Je vous avoue que je comprends tres peu toutes ces affaires de legs et de testament; ce que je sais, c'est que depuis que le jeune homme que nous connaissions tous sous le nom de M. Pierre tout court est devenu comte Безухов et possesseur de l'une des plus grandes fortunes de la Russie. Je m'amuse fort a observer les changements de ton et des manieres des mamans accablees de filles a marier et des demoiselles elles-memes a l'egard de cet individu qui, par parenthese, m'a paru toujours etre un pauvre sire. Comme on s'amuse depuis deux ans a me donner des promis que je ne connais pas le plus souvent, la chronique matrimoniale de Moscou me fait comtesse Безуховой. Mais vous sentez bien que je ne me soucie nullement de le devenir. A propos de mariage, savez-vous que tout dernierement la tante en general Анна Михайловна m'a confie sous le sceau du plus grand secret un projet de mariage pour vous. Ce n'est ni plus ni moins que le fils du prince Basile, Anatole, qu'on voudrait ranger en le mariant a une personne riche et distinguee, et c'est sur vous qu'est tombe le choix des parents. Je ne sais comment vous envisagerez la chose, mais j'ai cru de mon devoir de vous en avertir. On le dit tres beau et tres mauvais sujet; c'est tout ce que j'ai pu savoir sur son compte.

Mais assez de bavardage comme cela. Je finis mon second feuillet, et maman me fait chercher pour aller diner chez les Apraksines. Lisez le livre mystique que je vous envoie et qui fait fureur chez nous.
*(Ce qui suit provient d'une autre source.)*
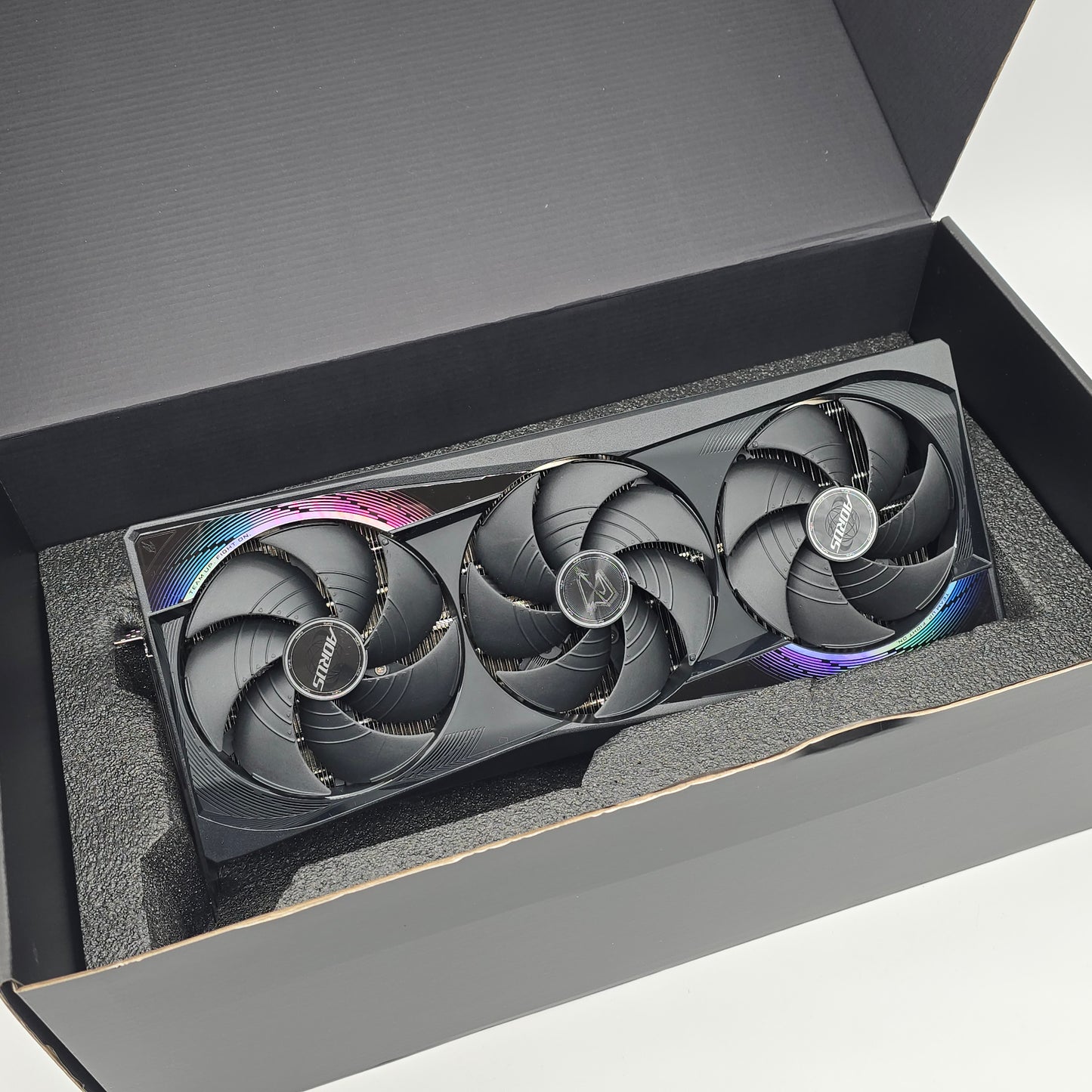RTX 5090 Gigabyte Aorus Master 32GB, NVIDIA Gaming Graphics Card GPU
Quoiqu'il y ait des choses dans ce livre difficiles a atteindre avec la faible conception humaine, c'est un livre admirable dont la lecture calme et eleve l'âme. Adieu. Mes respects a monsieur votre pere'et mes compliments a m-elle Bourienne. Je vous embrasse comme je vous aime.

Julie

P. S. Donnez-moi des nouvelles de votre frere et de sa charmante petite femme»

Княжна подумала, задумчиво улыбнулась (причем лицо ее, освещенное лучистыми глазами, совершенно преобразилось) и, вдруг приподнявшись, тяжело ступая, перешла к столу. Она достала бумагу, и рука ее быстро начала ходить по ней. Так писала она в ответ:

«Chere et excellente amie. Votre lettre du 13 m'a cause une grande joie. Vous m'aimez donc toujours, ma poetique Julie. L'absence, dont vous dites tant de mal, n'a donc pas eu son influence habituelle sur vous. Vous vous plaignez de l'absence — que devrai-je dire moisi j'osais me plaindre, privee de tous ceux qui me sont chers? Ah! si nous n'avions pas la religion pour nous consoler, la vie serait bien triste.